Interesting teaser. I thought there must be some way to better optimize the model for real time, but haven't dug in because it's decently fast as is and there's so much other stuff to work on. So many models, so little time!

atty · on Nov 7, 2023

As another commenter pointed out, you can give context for the decoder. So you can feed previous chunks into the model as the context. This is how we do it for streaming, at least.

sidhire · on Nov 6, 2023

I've built a Google Docs-like doc editor that has real-time Whisper transcription built in. It's not released yet, but message me if you'd like to try it out!

GaggiX · on Nov 7, 2023

This is great, but I hope in the future there would be a speech-to-text model with a focus on low-resource languages, probably by balancing the dataset similar to No Language Left Behind (NLLB) released by Meta, it's a translation model that works really well even with low-resource languages, it would be really cool something similar for speech transcription.

ComputerGuru · on Nov 6, 2023

They say whisper-3 will be available via the api soon. Does anyone know why only whisper-1 was ever made available via the api (no whisper-2)?

bakkoting · on Nov 6, 2023

The endpoint was just confusingly named:

> The Whisper v2-large model is currently available through our API with the whisper-1 model name.

https://platform.openai.com/docs/models/whisper

jadbox · on Nov 7, 2023

That's a very confusing direction to have your own whisper versioning. It may be better to call the model something different to differentiate versioning.

ComputerGuru · on Nov 6, 2023

Oh. lol.

Thanks for pointing that out, it's appreciated.

Void_ · on Nov 6, 2023

> Developers can now use our open-source Whisper large-v2 model in the API with much faster and cost-effective results.

https://openai.com/blog/introducing-chatgpt-and-whisper-apis

Topfi · on Nov 6, 2023

whisper-large-v2 was/is available via API from OpenAI, simply wasn't as much of a focus in their recent communications.

csjh · on Nov 7, 2023

Only 3GB, interesting to see how small SOTA models in other domains are compared to LLMs like Falcon-180B.

adgjlsfhk1 · on Nov 7, 2023

There are 2 issues here. The first is that speech to text is a lot more useful if it can run realtime which puts upper limits on model size. The bigger reason however, is probably that there's a lot less data for text to speech.

singularity2001 · on Nov 6, 2023

did they break the api?

from openai import OpenAI

Traceback (most recent call last): File "<stdin>", line 1, in <module> ImportError: cannot import name 'OpenAI' from 'openai'

If so where is the current documentation?

joshspankit · on Nov 7, 2023

Does anyone know if it’s able to do diarization with 3?

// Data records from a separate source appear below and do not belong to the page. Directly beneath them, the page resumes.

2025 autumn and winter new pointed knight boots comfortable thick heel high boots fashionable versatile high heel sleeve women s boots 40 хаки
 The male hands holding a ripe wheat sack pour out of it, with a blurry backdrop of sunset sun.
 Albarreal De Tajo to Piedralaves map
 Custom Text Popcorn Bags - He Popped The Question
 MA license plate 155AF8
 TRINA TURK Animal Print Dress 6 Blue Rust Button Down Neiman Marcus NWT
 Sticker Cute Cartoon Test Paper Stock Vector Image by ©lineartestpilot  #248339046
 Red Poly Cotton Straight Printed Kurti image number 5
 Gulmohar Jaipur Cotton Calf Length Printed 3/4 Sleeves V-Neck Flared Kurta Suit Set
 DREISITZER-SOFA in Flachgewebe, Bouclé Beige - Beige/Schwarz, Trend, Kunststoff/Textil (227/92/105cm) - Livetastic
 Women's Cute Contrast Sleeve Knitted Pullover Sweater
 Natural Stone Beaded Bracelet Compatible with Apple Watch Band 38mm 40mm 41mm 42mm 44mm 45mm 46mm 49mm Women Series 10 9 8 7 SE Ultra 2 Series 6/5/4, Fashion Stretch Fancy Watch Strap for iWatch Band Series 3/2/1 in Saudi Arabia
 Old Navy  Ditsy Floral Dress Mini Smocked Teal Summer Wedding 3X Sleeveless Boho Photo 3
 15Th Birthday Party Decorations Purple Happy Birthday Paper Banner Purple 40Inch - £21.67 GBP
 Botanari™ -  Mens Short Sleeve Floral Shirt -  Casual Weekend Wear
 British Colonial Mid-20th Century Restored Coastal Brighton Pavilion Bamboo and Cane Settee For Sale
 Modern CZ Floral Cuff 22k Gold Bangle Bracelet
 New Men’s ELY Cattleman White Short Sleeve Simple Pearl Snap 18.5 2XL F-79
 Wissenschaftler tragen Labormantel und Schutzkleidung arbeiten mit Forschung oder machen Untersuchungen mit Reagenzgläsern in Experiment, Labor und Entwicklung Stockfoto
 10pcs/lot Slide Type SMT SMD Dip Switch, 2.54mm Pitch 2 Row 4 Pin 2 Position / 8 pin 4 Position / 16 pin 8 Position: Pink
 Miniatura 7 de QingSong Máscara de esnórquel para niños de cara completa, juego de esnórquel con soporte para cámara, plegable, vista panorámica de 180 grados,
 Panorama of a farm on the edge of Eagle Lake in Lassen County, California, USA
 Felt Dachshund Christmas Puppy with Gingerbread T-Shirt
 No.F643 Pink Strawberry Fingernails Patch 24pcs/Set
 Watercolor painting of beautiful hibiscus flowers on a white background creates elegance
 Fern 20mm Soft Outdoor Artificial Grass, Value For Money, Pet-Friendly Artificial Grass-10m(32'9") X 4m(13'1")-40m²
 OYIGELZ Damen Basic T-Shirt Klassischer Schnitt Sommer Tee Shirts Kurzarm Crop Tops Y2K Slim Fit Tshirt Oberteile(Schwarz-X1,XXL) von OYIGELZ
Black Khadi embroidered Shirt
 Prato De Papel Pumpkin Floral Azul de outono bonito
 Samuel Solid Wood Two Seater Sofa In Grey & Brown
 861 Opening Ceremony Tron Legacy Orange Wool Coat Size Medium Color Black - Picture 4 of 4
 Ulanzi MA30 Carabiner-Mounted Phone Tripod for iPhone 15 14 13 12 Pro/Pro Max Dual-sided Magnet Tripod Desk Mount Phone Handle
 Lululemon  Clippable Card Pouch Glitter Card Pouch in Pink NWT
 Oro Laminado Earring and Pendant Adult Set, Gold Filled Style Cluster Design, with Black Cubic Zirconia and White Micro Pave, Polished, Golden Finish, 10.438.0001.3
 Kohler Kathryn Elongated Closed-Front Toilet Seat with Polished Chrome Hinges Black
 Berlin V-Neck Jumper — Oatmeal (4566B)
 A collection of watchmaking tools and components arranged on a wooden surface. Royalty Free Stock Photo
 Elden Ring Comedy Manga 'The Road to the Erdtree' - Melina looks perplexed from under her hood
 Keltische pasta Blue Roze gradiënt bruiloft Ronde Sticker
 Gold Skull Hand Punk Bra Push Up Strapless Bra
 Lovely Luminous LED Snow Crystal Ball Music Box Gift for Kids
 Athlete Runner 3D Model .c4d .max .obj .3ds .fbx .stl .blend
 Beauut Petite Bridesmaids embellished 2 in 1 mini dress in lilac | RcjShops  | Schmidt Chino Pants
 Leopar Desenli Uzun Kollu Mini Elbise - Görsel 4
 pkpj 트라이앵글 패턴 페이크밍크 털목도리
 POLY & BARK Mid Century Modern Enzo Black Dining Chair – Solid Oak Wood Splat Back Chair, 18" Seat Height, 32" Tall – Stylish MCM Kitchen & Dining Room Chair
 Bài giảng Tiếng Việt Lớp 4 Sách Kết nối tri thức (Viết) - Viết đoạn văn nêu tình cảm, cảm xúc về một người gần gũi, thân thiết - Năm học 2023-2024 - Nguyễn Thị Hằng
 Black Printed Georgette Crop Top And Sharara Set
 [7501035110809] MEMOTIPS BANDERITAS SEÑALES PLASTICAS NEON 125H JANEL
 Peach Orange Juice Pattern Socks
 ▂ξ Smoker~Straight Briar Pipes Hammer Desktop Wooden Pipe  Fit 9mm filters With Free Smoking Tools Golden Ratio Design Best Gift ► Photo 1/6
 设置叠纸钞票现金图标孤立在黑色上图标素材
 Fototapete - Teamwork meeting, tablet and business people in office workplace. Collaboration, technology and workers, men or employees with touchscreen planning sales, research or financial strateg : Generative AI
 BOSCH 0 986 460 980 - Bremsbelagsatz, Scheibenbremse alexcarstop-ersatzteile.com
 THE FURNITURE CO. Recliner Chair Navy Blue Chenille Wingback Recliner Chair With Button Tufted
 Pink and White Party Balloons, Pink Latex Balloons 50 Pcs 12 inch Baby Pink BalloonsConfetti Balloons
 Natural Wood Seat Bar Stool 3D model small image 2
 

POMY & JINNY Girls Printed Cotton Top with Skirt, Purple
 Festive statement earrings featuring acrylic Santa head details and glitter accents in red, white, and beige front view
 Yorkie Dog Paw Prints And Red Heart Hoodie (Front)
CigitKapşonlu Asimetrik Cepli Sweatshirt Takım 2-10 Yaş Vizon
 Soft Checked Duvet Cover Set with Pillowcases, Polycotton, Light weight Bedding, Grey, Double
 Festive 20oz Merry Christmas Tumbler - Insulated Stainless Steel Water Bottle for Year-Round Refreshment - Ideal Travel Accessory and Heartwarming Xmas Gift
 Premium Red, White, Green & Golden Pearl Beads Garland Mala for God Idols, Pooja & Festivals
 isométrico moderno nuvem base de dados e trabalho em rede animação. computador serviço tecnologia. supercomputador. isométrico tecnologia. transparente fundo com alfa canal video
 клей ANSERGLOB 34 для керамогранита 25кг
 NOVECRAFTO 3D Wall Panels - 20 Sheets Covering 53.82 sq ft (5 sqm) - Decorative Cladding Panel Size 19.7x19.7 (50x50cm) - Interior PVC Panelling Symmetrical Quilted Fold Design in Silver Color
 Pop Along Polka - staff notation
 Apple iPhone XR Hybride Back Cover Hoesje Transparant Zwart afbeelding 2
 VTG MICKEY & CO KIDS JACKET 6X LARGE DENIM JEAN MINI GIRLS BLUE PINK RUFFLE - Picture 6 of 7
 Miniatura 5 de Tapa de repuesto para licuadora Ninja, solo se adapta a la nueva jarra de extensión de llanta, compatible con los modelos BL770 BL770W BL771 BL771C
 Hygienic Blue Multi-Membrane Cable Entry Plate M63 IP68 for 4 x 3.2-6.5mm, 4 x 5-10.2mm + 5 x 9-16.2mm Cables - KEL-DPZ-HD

RockRobotRock · on Nov 7, 2023

look into WhisperX

joshspankit · on Nov 10, 2023

Promising project for my needs. Thank you

spandextwins · on Nov 7, 2023

With comments GitHub looks like HN except one less click to click.

tomrod · on Nov 6, 2023

Word from my GenAI contact is that this (or similar announcement) replaces the need for RAG.

danielbln · on Nov 6, 2023

An ASR model replaces RAG?!

tekacs · on Nov 6, 2023

Pretty sure they're confusing it with the Retrieval feature added to the Assistants API: https://platform.openai.com/docs/assistants/tools/knowledge-...

tomrod · on Nov 6, 2023

I was. Much obliged for the correction.